I began my newspaper career at The Milford Shitizen.
After several years toiling for small community newspapers, I finally hit the big time. I landed a reporting job with a major metropolitan daily, the Providence Urinal.
After eight years, I moved on again — this time to sunny Florida and the staff of the St. Petersburg Pravda.
Most newspapers have another identity, usually a pejorative one, in addition to the one gracing the front page nameplate.
Sometimes they’re an inside joke, the play on words providing an escape valve for staff frustration.

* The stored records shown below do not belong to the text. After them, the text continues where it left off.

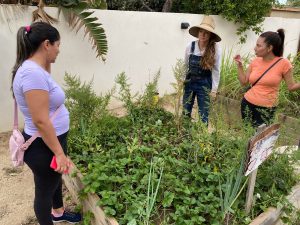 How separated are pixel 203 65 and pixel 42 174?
2484 millimetres

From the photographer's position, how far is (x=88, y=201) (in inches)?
103

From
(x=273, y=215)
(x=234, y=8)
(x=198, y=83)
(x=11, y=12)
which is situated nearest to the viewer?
(x=273, y=215)

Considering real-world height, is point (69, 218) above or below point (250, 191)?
below

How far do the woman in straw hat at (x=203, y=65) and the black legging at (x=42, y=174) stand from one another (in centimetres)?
198

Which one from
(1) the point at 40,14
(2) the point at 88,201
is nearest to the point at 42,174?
(2) the point at 88,201

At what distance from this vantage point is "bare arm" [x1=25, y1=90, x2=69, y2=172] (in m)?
1.80

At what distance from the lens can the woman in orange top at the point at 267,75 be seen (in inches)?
127

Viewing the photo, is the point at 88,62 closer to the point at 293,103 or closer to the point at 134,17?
the point at 134,17

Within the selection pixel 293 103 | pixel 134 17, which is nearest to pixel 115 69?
pixel 134 17

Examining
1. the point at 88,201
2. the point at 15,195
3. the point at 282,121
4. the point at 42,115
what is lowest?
the point at 15,195

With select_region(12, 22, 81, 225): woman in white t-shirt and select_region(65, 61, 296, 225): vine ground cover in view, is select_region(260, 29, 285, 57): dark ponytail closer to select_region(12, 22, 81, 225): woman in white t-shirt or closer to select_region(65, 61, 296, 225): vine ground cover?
select_region(65, 61, 296, 225): vine ground cover

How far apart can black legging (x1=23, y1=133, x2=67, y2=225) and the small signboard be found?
1.35 m

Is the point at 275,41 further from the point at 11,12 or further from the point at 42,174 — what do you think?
the point at 11,12

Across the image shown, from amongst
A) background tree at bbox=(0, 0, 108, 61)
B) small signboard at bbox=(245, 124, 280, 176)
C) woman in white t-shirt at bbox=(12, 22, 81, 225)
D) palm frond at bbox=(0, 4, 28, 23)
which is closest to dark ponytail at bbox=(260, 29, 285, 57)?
small signboard at bbox=(245, 124, 280, 176) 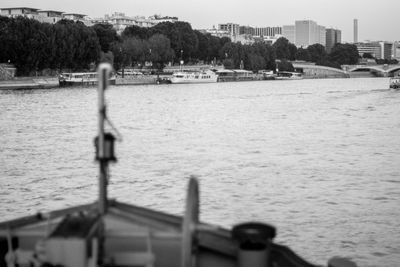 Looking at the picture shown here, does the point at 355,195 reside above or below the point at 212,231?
below

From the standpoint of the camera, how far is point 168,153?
63.4 feet

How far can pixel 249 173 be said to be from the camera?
15492mm

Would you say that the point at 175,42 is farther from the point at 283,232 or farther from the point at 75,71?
the point at 283,232

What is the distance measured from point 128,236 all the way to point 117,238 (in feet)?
0.28

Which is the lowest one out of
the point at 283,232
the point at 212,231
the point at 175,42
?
the point at 283,232

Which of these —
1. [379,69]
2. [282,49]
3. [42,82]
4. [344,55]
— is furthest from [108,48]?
[344,55]

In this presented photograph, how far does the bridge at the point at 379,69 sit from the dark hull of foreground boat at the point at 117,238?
119m

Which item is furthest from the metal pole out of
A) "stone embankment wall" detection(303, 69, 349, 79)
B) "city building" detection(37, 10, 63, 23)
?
"stone embankment wall" detection(303, 69, 349, 79)

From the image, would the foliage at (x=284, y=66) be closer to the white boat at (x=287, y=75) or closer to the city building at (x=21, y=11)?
the white boat at (x=287, y=75)

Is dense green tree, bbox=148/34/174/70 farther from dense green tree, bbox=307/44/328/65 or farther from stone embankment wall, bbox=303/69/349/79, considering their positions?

But in my experience, the source of a nasty nickname is more than likely customer-based — disaffected readers and viewers who christen their local news organs with monikers selected to highlight perceived journalistic failings.
Consider the recent posting on FreeRepublic.com, which bills itself as a “Conservative News Forum.”
To bash St. Petersburg Times columnist Willliam Maxwell, a poster named “dawn53” trotted out a familiar nickname for my old paper, the publication that lands at my door every morning, the one owned, it should be noted, by The Poynter Institute which depends on its success to fulfill our mission “to teach and inspire journalists and media leaders.”
That Maxwell is a liberal is an understatement. He writes for one of the most liberal papers in the country, the St. Petersburg Pravda (Times).Renaming newspapers is a national pastime. (I imagine a similar tradition exists in broadcast news.) Witness this admittedly incomplete litany gleaned from an informal survey of reporters and editors gathered last week for a Poynter seminar:
The Dallas Morning Snooze
The Gnarley Trombone
The Indiana Daily Stupid
Ravenna Wretched Courier
The Daily Repeater-Herald
The Daily Salt Mine
Newspaper nicknames have their value. They toughen our skin against slings and arrows, always useful in a field where newbies are routinely advised, “If you want to be liked, you’re in the wrong business.”
And I always like to point out that there’s an advantage to starting out at a paper known fondly around town as “The Shitizen.” From there, everything’s uphill.